King Stefan and Cinderella's castles are easy enough to find in Disney's themed properties worldwide. But which Disney park has Snow White's castle?
It's going to surprise you that the Disneylands worldwide don't even have a physical castle modeled after the one in The Movie That Started It All. Although an Orange County board member referred to the OG palace in Disneyland Park Anaheim as "Snow White's castle" in 2021, the castle as it appears in 1938's Snow White and the Seven Dwarves does not have a full recreation so far.
The closest the Disney resorts and parks have to a Snow White castle are interior depictions thereof in interactive attractions and dark rides. Inside the Enchanted Storybook Castle in Shanghai Disneyland, you can take a walkthrough attraction, Once Upon A Time Adventure, where you can step up a spiral staircase to a dramatic columned chamber where the Magic Mirror lives. It bears remembering that the towering Shanghai Storybook castle itself does not imitate any Disney royal home in particular but is rather a pastiche of multiple onscreen castles.
The fictional castle interiors also inspired Snow White's Scary Adventures ride, transferred in 2021 from Magic Kingdom to its new home in Fantasyland, both in Anaheim Disneyland. Now rebranded as Snow White's Enchanted Wish, the ride shows the castle less like the Evil Queen's than Snow White's property, its terrifying elements toned down or removed entirely for a wider audience. (Versions of Snow White's Enchanted Wish can be found in Disneyland Paris and Tokyo Disneyland.)
As Walt Disney historians would say, the castle shown on the Snow White movie is a recreation of the Alcázar de Segovia in Spain, once home to the kings and queens of Castile.
Alcázar de Segovia in Spain (above) inspired the castle on Walt Disney's 'Snow White and the Seven Dwarves' (below). Photo taken with Canon EOS 650D by Rafa Esteve |
Like the opening shot of the film, Alcázar de Segovia stands majestically on a crag. After the royals moved to Madrid in the 17th century, it assumed the function of a state prison—Queen Grimhilde would have probably enjoyed dehydrating her jailbirds here. In 1762, it became an artillery school, something the huntsman would have found to be familiar territory, too.

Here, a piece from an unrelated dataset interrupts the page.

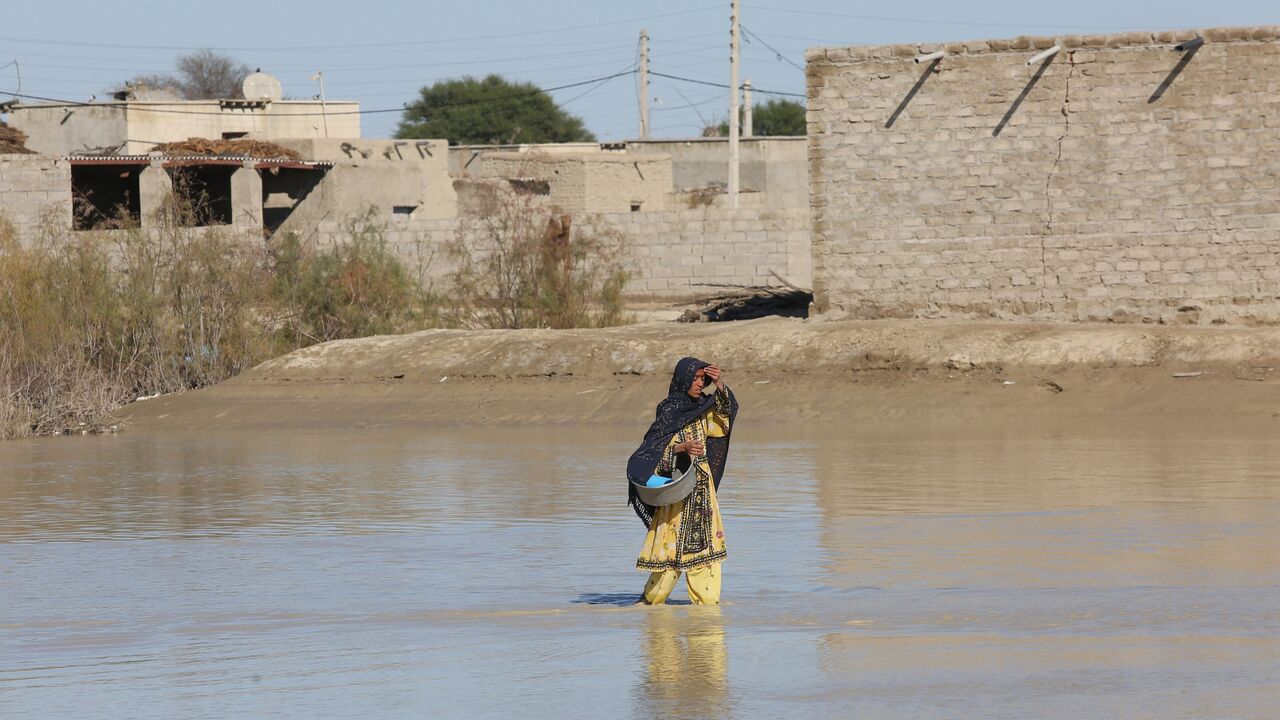 An Iranian woman walks through a flooded road on Jan. 13, 2020.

Isabella I was enthroned as queen in this castle. Although she is fondly remembered for having funded the expedition of Christopher Columbus, which led to the discovery of North America, she is also known for having started one of the bloodiest periods in history: the mass expulsion and execution of Jews and Muslims from Spain in 1492. She did those and more even though the castle had been a Moorish fortress in 1120, long before it became home for the Catholic royals. Isabella also set off a little event called the Inquisition in Spain.
If that's not the Evil Queen's castle, then we don't know where is.